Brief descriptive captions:
== Segment start ==
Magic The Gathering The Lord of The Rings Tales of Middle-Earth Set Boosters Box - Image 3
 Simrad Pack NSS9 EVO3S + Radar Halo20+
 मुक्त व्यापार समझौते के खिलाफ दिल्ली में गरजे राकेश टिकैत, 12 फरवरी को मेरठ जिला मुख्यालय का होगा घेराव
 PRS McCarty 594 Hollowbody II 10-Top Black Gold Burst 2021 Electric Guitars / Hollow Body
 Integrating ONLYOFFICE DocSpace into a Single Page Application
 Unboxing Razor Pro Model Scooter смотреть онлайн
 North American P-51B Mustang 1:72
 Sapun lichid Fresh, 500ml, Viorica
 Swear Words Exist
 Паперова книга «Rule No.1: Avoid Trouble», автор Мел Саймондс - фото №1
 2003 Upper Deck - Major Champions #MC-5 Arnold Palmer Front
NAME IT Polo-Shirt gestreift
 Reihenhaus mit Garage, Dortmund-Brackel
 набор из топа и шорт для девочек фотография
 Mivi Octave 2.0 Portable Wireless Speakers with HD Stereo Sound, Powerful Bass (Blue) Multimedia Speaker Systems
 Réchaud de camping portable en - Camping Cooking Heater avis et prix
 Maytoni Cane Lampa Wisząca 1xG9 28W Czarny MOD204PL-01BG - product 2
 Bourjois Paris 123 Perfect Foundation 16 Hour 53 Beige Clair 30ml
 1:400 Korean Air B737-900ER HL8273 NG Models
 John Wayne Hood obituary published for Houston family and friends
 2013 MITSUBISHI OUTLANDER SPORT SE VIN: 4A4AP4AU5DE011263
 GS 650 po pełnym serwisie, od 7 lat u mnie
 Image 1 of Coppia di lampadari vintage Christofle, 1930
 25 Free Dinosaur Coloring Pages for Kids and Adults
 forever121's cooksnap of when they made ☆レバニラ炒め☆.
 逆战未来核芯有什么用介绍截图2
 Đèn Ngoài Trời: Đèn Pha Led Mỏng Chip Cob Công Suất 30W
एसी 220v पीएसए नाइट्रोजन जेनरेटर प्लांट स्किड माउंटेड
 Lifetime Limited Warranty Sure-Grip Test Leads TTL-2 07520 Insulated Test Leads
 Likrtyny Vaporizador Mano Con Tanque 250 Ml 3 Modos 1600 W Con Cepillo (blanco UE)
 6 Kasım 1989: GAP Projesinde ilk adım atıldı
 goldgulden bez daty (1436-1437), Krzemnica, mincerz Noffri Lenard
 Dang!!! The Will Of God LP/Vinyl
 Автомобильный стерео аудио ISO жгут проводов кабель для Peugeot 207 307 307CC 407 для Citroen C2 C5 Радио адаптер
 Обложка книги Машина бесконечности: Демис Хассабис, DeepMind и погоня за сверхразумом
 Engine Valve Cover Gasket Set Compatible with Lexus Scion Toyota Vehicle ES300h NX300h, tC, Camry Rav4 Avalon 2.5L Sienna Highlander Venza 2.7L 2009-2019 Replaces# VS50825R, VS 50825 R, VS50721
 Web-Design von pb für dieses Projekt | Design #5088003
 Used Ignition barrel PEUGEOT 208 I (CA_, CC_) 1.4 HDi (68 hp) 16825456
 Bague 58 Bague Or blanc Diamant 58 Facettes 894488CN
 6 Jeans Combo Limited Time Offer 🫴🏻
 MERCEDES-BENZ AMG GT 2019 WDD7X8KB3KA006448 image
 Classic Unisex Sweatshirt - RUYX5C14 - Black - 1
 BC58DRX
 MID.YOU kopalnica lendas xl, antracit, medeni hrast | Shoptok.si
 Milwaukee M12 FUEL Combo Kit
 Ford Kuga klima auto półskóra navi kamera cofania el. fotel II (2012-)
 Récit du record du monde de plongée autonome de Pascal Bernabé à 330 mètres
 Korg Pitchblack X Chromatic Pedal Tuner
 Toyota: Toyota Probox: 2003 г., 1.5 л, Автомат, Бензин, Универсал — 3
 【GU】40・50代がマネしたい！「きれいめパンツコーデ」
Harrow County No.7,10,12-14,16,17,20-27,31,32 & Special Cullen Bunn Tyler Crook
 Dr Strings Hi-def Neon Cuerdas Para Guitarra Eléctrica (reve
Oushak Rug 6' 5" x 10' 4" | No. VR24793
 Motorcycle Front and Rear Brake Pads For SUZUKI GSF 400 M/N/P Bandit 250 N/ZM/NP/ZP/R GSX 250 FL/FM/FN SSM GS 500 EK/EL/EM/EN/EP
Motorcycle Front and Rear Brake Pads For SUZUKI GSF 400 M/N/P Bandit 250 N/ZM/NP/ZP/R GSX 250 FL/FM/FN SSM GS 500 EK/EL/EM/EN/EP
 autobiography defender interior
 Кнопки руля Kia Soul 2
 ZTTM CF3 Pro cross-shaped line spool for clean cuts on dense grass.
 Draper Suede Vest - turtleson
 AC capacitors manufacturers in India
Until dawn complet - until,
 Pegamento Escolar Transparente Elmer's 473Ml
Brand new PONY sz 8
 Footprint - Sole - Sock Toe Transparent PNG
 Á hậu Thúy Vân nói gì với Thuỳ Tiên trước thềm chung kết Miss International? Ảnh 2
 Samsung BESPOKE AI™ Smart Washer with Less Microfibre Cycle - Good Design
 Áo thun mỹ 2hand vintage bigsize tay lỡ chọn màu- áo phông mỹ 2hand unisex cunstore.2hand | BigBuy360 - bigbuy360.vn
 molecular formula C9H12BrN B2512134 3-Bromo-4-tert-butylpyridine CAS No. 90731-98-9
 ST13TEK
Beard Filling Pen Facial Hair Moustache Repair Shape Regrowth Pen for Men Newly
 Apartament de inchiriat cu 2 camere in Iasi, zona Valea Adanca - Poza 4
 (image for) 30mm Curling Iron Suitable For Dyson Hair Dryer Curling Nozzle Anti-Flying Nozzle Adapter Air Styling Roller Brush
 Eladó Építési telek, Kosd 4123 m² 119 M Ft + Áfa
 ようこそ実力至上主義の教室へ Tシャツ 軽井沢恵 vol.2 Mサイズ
== Segment end ==
YOUR ASSIGNMENT >> What are the lines above, starting at the one with "Swear Words Exist" and ending at the one with "Likrtyny Vaporizador Mano"? Give them again exactly, and only them.

OUTPUT OF THE EXERCISE >>
 Swear Words Exist
 Паперова книга «Rule No.1: Avoid Trouble», автор Мел Саймондс - фото №1
 2003 Upper Deck - Major Champions #MC-5 Arnold Palmer Front
NAME IT Polo-Shirt gestreift
 Reihenhaus mit Garage, Dortmund-Brackel
 набор из топа и шорт для девочек фотография
 Mivi Octave 2.0 Portable Wireless Speakers with HD Stereo Sound, Powerful Bass (Blue) Multimedia Speaker Systems
 Réchaud de camping portable en - Camping Cooking Heater avis et prix
 Maytoni Cane Lampa Wisząca 1xG9 28W Czarny MOD204PL-01BG - product 2
 Bourjois Paris 123 Perfect Foundation 16 Hour 53 Beige Clair 30ml
 1:400 Korean Air B737-900ER HL8273 NG Models
 John Wayne Hood obituary published for Houston family and friends
 2013 MITSUBISHI OUTLANDER SPORT SE VIN: 4A4AP4AU5DE011263
 GS 650 po pełnym serwisie, od 7 lat u mnie
 Image 1 of Coppia di lampadari vintage Christofle, 1930
 25 Free Dinosaur Coloring Pages for Kids and Adults
 forever121's cooksnap of when they made ☆レバニラ炒め☆.
 逆战未来核芯有什么用介绍截图2
 Đèn Ngoài Trời: Đèn Pha Led Mỏng Chip Cob Công Suất 30W
एसी 220v पीएसए नाइट्रोजन जेनरेटर प्लांट स्किड माउंटेड
 Lifetime Limited Warranty Sure-Grip Test Leads TTL-2 07520 Insulated Test Leads
 Likrtyny Vaporizador Mano Con Tanque 250 Ml 3 Modos 1600 W Con Cepillo (blanco UE)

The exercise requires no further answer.